North Korea hit back at US sanctions in response to recent hypersonic missile tests that raised new security concerns, vowing a “stronger and certain reaction” to Washington’s attempt to halt its weapons programs.
The pursuit of the advanced hypersonic missiles system, which are designed to evade existing defenses, is North Korea’s “legitimate right,” the country’s Foreign Ministry said in a statement. Washington’s move to slap sanctions on North Koreans who advanced its nuclear and ballistic weapons programs was a dangerous escalation, the ministry added in a statement released Friday through the state’s official Korean Central News Agency.
A dispatch from the Foreign Ministry is usually reserved for North Korea’s most important messages to the outside world. The statement ratchets up tensions as the Biden administration is pushing Kim Jong Un to return to nuclear disarmament talks stalled for nearly three years.
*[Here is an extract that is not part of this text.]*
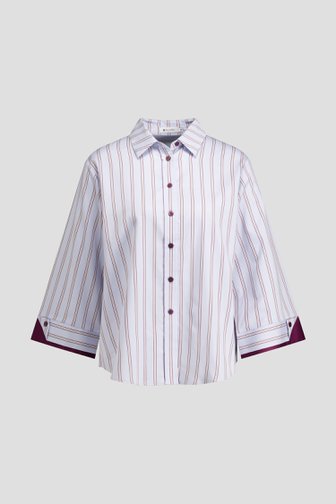 Extra foto 5 van Blauwe gestreepte blouse met bordeaux en wit door D'Auvry voor Dames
Kim’s regime has shunned overtures for talks, stepped up its production of fissile material for nuclear bombs and tested new systems to deliver atomic warheads.
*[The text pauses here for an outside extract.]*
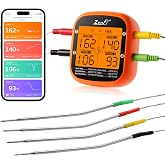 ZvnFi Instant Read Food Meat Thermometer Wireless Digital with LCD Display and 4 Stainless Probes,Advanced Electronic Thermometer Waterproof for BBQ Cooking Kitchen Outside Grill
“The US is intentionally escalating the situation even with the activation of independent sanctions, not content with referring the DPRK’s just activity to the UN Security Council,” the ministry said, referring to the country’s official name, the Democratic People’s Republic of Korea.
“If the US adopts such a confrontational stance, the DPRK will be forced to take stronger and certain reaction to it,” it added.
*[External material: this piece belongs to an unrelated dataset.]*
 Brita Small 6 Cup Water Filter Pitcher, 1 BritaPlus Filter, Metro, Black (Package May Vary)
The heightened tensions between the US and North Korea come after Pyongyang tested two missiles in less than a week designed to deploy a hypersonic glide vehicle that can maneuver at high speeds during an unpowered flight to strike a target. For the first time in nearly two years, Kim oversaw a weapons test when he watched the Tuesday launch of a hypersonic system that North Korea claimed performed “corkscrew” maneuvers and hit a target 1,000 kilometers (620 miles) away.
On Wednesday, the US Treasury Department designated five North Koreans living overseas — one in Russia, and four in China — for aiding the country’s weapons programs.